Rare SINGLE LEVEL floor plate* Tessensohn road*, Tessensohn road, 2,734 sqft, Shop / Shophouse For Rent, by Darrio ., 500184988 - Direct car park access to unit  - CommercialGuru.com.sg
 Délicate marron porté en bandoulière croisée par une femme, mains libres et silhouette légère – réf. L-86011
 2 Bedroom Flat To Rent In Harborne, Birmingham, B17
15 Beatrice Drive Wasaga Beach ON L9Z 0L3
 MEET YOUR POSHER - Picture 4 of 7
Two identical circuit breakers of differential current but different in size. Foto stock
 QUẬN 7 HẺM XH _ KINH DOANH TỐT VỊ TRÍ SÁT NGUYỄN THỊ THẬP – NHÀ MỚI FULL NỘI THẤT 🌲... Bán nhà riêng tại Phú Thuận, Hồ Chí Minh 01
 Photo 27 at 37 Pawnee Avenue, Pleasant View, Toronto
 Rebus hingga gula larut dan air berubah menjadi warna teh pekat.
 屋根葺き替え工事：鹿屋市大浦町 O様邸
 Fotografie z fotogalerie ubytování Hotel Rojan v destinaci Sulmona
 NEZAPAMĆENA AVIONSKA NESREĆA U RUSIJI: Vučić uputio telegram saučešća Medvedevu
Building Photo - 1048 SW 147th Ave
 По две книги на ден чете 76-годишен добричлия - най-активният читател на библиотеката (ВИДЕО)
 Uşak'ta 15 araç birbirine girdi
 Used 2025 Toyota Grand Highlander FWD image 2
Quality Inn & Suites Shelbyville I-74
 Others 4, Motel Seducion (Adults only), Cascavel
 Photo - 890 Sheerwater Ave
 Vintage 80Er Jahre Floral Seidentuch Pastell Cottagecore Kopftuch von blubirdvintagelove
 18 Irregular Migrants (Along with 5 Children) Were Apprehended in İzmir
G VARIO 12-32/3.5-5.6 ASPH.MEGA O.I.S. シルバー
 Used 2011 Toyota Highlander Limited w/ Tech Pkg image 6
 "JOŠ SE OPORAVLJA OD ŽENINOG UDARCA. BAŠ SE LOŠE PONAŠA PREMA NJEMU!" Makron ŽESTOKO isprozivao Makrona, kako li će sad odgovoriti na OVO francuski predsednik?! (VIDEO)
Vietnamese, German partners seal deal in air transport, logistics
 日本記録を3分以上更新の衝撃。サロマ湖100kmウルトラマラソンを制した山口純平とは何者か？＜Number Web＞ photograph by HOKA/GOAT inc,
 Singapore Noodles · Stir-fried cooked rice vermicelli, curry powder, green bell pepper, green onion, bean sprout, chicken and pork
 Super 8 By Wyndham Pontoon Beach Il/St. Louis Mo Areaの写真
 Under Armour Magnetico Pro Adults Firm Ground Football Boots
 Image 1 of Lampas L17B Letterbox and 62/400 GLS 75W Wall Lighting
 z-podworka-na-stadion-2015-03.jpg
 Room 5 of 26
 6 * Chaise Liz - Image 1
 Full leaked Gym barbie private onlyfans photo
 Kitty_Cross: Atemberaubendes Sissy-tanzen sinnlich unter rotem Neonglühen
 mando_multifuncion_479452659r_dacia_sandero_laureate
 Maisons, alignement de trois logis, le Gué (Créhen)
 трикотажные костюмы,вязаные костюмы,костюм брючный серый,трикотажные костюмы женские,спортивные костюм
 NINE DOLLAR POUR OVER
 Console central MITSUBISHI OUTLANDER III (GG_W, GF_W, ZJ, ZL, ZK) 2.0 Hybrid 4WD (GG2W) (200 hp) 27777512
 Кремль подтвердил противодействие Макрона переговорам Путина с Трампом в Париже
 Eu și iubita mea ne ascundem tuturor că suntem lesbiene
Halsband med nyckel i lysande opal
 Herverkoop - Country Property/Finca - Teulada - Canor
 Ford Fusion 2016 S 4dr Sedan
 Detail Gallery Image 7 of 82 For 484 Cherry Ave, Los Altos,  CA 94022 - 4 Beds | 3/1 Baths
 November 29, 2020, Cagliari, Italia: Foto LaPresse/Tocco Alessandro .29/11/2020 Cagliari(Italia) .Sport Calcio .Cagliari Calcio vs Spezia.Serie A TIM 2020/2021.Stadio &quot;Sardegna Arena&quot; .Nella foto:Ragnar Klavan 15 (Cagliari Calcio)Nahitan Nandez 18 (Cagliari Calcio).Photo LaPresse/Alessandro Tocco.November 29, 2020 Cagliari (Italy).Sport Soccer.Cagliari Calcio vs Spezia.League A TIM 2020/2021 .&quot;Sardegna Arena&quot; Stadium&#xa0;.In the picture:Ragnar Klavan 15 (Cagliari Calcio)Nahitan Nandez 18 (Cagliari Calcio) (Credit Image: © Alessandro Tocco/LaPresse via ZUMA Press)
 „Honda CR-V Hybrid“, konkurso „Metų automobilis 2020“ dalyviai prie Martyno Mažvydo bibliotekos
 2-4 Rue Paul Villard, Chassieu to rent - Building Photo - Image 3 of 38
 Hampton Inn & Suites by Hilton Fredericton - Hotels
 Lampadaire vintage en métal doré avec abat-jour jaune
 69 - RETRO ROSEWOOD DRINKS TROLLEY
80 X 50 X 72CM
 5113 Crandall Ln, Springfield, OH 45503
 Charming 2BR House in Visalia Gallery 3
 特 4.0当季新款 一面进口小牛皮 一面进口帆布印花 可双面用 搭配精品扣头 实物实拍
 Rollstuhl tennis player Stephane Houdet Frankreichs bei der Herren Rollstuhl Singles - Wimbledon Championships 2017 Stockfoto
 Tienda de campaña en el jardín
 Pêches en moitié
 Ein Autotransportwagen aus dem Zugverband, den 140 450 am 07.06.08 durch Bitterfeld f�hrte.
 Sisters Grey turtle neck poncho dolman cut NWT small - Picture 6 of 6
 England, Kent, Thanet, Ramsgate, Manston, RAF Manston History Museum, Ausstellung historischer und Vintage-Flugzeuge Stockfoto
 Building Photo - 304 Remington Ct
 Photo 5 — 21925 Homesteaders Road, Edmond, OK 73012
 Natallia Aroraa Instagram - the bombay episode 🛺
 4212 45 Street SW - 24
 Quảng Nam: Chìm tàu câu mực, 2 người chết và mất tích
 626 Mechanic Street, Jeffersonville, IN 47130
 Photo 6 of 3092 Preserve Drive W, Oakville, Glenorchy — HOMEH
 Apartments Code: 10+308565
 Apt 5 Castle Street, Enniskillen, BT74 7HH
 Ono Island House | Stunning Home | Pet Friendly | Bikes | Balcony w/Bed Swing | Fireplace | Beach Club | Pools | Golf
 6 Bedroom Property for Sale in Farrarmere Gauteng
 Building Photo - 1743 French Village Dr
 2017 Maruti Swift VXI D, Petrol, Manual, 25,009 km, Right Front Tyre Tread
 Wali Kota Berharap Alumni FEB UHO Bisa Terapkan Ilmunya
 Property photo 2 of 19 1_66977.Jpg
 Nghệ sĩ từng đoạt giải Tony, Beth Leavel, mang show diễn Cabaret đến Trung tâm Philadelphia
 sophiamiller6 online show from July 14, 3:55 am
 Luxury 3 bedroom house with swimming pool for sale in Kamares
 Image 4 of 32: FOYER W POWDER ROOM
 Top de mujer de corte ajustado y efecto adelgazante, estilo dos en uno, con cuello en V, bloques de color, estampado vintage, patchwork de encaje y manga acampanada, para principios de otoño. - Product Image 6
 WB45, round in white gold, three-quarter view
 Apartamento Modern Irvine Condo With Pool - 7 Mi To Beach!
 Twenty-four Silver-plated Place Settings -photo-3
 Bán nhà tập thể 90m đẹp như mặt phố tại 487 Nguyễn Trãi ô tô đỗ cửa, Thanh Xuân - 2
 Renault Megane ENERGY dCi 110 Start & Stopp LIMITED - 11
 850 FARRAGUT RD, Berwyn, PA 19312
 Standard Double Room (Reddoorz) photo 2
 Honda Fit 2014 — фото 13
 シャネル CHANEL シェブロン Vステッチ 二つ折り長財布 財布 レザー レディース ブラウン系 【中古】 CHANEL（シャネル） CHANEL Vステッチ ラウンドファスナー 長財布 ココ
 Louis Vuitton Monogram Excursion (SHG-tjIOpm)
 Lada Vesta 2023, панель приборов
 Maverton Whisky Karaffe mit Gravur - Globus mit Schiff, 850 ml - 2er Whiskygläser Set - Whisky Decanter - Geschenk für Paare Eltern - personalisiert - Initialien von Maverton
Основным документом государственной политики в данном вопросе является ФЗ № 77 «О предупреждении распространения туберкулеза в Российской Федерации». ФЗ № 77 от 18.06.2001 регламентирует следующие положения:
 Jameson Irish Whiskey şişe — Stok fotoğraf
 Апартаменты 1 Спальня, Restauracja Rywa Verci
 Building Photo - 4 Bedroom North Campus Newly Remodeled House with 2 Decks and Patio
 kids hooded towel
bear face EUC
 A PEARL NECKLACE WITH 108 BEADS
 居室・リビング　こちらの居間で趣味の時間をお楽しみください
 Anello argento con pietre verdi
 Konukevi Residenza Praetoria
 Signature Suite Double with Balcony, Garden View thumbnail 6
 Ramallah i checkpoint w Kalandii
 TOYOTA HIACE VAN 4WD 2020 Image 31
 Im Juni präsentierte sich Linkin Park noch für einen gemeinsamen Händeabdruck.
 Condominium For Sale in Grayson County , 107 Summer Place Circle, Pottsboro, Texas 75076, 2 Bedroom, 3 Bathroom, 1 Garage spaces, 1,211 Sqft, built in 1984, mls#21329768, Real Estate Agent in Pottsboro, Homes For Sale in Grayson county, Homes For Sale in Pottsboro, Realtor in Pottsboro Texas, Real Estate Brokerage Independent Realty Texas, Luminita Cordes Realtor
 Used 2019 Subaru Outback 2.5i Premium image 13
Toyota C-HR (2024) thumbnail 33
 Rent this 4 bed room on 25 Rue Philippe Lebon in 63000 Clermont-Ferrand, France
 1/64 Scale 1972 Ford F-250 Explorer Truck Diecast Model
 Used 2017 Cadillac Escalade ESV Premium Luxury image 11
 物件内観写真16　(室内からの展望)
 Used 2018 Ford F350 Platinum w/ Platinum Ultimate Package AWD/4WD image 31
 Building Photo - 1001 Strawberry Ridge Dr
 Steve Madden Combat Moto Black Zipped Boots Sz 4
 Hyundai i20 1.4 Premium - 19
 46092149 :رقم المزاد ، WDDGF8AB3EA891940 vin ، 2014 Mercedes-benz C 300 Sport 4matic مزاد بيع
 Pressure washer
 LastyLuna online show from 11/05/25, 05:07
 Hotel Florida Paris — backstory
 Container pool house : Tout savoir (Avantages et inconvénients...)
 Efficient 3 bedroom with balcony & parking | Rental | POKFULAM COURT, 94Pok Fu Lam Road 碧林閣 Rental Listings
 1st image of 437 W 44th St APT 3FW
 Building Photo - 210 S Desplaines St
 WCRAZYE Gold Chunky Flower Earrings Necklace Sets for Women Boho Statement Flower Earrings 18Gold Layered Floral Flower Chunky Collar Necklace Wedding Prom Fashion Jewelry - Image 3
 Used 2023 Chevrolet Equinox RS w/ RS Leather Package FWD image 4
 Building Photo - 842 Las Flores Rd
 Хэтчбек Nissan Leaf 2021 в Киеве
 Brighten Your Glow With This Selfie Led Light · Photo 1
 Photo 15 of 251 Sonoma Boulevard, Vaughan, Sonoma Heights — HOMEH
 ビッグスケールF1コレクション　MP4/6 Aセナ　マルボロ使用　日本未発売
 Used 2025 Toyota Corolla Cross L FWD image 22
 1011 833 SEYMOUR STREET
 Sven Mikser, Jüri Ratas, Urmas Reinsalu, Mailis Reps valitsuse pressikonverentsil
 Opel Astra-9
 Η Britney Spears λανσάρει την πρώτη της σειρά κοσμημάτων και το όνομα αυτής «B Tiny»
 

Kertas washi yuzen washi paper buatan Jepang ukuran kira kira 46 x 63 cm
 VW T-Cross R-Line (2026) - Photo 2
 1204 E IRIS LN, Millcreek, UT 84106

####################

The task:
Copy out the lines above exactly, beginning at the one that contains "трикотажные костюмы,вязаные костюмы,костюм" and ending at the one that contains "Eu și iubita".

Exercise response:
 трикотажные костюмы,вязаные костюмы,костюм брючный серый,трикотажные костюмы женские,спортивные костюм
 NINE DOLLAR POUR OVER
 Console central MITSUBISHI OUTLANDER III (GG_W, GF_W, ZJ, ZL, ZK) 2.0 Hybrid 4WD (GG2W) (200 hp) 27777512
 Кремль подтвердил противодействие Макрона переговорам Путина с Трампом в Париже
 Eu și iubita mea ne ascundem tuturor că suntem lesbiene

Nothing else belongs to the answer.